Por outro lado, a ausência do prefeito Zeca Cavalcanti (Podemos) foi notória e simbólica. Assim como sua aliada política, a governadora Raquel Lyra, o gestor municipal não se posicionou publicamente sobre a PEC da Blindagem ou o PL da Anistia, contrastando com a postura de diversos prefeitos e governadores pelo país que se manifestaram contrariamente às propostas.


Em contrapartida, a vereadora Célia Galindo (Podemos), decana da Câmara Municipal com 10 mandatos consecutivos, se posicionou frontalmente contra a PEC através de entrevista anterior ao evento. "Nós, representantes do povo, temos que ser exemplo e não exceção. A Constituição é clara: todos são iguais perante a lei", declarou a parlamentar, criticando duramente o que chamou de "PEC da Bandidagem".


O contexto Político Nacional


As manifestações ocorreram em um momento de grave tensão política nacional. A PEC da Blindagem foi aprovada na Câmara com 353 votos favoráveis contra 134 contrários no primeiro turno, e 344 a 133 no segundo. Entre os deputados pernambucanos, 19 dos 25 votaram favoravelmente à proposta.


Paralelamente, o Congresso também aprovou a urgência para o PL da Anistia, que pode beneficiar condenados pelos atos antidemocráticos de 8 de janeiro de 2023, incluindo o ex-presidente Jair Bolsonaro, condenado a 27 anos e 3 meses de prisão pelo Supremo Tribunal Federal.


No Senado, a PEC encontra forte resistência. O senador Otto Alencar (PSD-BA), presidente da Comissão de Constituição e Justiça, prometeu pautar a proposta na semana seguinte às manifestações "para sepultar de vez esse assunto". O relator Alessandro Vieira (MDB-SE) já sinalizou parecer pela rejeição.


Repercussões e Significado Histórico


As manifestações de 21 de setembro de 2025 representaram um marco na resistência democrática brasileira contemporânea. A mobilização simultânea em dezenas de cidades, com apoio de artistas, intelectuais, movimentos sociais e partidos políticos, demonstrou a vitalidade da sociedade civil brasileira na defesa das instituições democráticas.


Arcoverde, ao concentrar uma das mobilizações mais representativas do interior brasileiro, consolidou-se como um símbolo da resistência democrática no sertão pernambucano. A cidade, com cerca de 75 mil habitantes, mostrou que a defesa da democracia transcende os grandes centros urbanos e encontra eco nas mais diversas regiões do país.

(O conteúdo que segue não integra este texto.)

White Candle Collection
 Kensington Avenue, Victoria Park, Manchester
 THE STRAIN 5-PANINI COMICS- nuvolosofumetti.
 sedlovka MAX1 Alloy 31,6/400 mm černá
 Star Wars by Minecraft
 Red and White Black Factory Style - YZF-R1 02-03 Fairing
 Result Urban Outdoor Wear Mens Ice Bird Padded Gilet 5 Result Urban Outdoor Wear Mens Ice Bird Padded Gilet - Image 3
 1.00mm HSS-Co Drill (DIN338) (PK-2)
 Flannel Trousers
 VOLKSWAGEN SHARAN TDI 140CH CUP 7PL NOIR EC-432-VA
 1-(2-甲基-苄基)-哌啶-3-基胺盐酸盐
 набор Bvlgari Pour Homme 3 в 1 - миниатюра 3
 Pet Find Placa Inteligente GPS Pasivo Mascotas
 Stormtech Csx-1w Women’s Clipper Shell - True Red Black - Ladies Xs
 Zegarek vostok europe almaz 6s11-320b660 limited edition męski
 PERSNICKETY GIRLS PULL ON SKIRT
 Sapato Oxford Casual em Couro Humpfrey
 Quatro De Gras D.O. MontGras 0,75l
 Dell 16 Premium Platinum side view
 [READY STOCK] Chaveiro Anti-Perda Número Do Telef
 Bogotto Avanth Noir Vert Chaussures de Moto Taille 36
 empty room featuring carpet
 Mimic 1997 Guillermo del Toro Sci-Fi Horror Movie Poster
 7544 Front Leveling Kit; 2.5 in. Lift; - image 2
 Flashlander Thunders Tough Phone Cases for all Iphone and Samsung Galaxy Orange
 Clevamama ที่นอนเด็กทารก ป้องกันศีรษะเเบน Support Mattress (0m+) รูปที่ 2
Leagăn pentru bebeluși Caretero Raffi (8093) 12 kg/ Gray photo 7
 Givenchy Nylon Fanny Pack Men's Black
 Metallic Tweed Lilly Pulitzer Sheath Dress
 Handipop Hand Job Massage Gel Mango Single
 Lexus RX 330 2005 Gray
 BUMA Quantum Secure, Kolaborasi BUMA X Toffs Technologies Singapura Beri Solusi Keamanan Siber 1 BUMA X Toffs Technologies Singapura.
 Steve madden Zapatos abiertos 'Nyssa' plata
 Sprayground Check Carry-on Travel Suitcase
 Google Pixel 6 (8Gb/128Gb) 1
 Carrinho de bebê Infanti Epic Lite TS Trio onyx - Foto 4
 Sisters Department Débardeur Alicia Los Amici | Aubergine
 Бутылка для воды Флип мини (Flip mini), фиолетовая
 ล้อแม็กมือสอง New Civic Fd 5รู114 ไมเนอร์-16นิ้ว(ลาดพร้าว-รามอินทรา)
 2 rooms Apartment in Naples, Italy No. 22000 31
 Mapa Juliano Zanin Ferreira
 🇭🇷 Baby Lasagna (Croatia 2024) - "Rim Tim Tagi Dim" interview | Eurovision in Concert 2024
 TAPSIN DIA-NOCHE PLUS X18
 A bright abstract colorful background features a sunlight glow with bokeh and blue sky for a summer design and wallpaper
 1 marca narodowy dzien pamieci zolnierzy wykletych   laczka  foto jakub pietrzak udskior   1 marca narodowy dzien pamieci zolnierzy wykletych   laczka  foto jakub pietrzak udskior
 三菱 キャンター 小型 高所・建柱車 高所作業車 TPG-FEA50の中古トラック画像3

O contraste entre a mobilização popular e o silêncio de autoridades como o prefeito Zeca Cavalcanti e o posicionamento tardio da governadora Raquel Lyra evidenciou as tensões políticas existentes mesmo entre gestores que se apresentam como democráticos.


As manifestações também revelaram a capacidade de articulação das forças progressistas brasileiras, que conseguiram organizar protestos coordenados nacionalmente em poucas semanas, mobilizando desde grandes centros urbanos até cidades do interior, passando por comunidades brasileiras no exterior.


Perspectivas futuras


Com a PEC da Blindagem seguindo para o Senado e o PL da Anistia em tramitação acelerada, o movimento democrático brasileiro demonstrou estar organizado e vigilante. As manifestações de setembro estabeleceram um precedente importante: a sociedade brasileira não aceitará passivamente retrocessos democráticos ou tentativas de blindagem da classe política contra a Justiça.


Arcoverde, com sua mobilização exemplar, inseriu-se definitivamente no mapa da resistência democrática nacional, provando que a luta pela manutenção do Estado de Direito encontra eco em todos os cantos do Brasil. A cidade do sertão pernambucano, berço de importantes lideranças políticas regionais, reafirmou sua vocação histórica de protagonismo nos momentos decisivos da vida nacional.


O dia 21 de setembro de 2025 ficará registrado como um marco da democracia brasileira, e Arcoverde poderá se orgulhar de ter estado na linha de frente dessa batalha histórica pela preservação dos valores republicanos e democráticos do país.